■ **INPUT DATA**:
↓
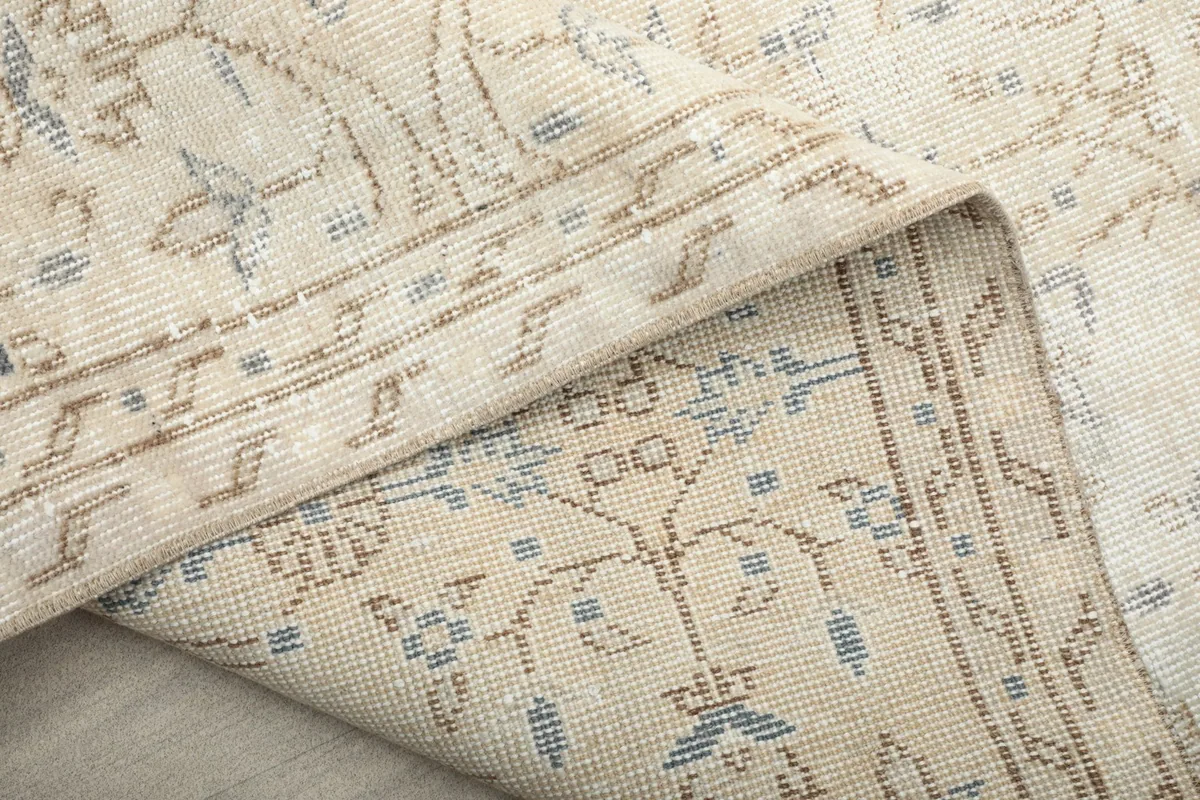 Close-up of the rug's underside, revealing the hand-knotted cotton foundation.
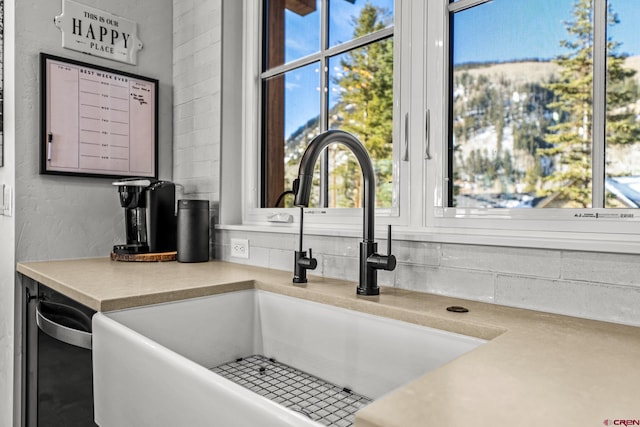 room details with light countertops, a sink, and decorative backsplash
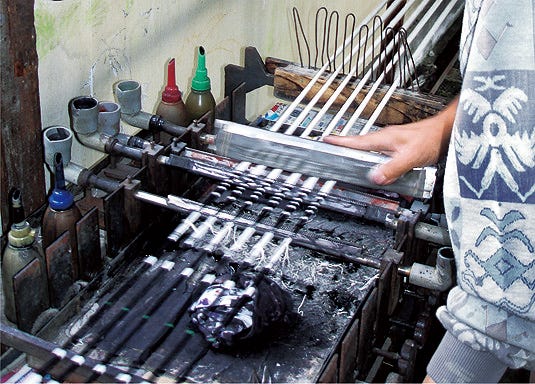 a workspace featuring tools and materials for an artistic process　いしげ結城紬の絣糸作り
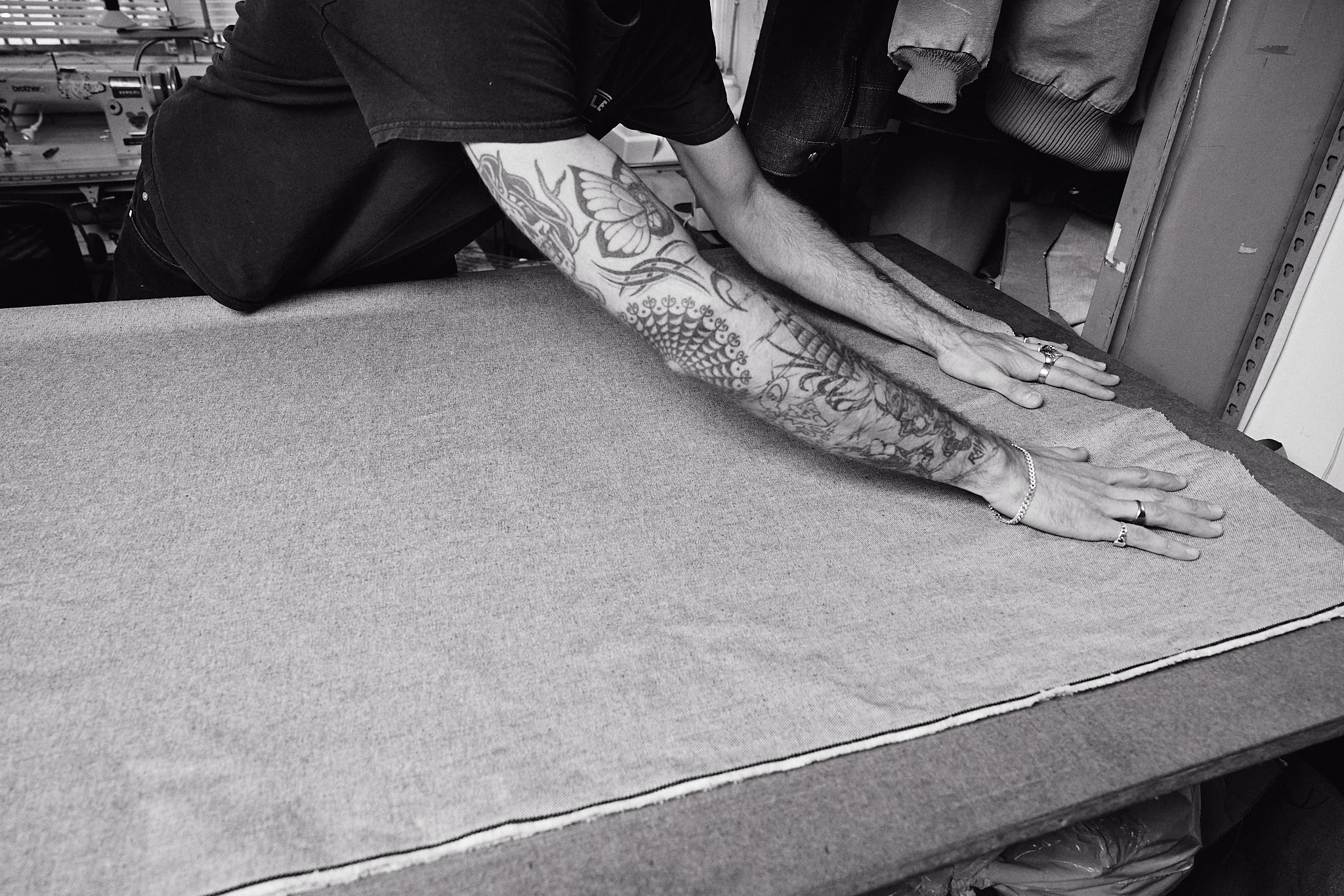 A person with tattoos on their arms is working on fabric on a table in a workshop.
↑
■ **AIM OF THE TASK**: Retype the listing exactly. Leave out its pictures.

■ **WRITTEN RESPONSE**:
 Close-up of the rug's underside, revealing the hand-knotted cotton foundation.
 room details with light countertops, a sink, and decorative backsplash
 a workspace featuring tools and materials for an artistic process　いしげ結城紬の絣糸作り
 A person with tattoos on their arms is working on fabric on a table in a workshop.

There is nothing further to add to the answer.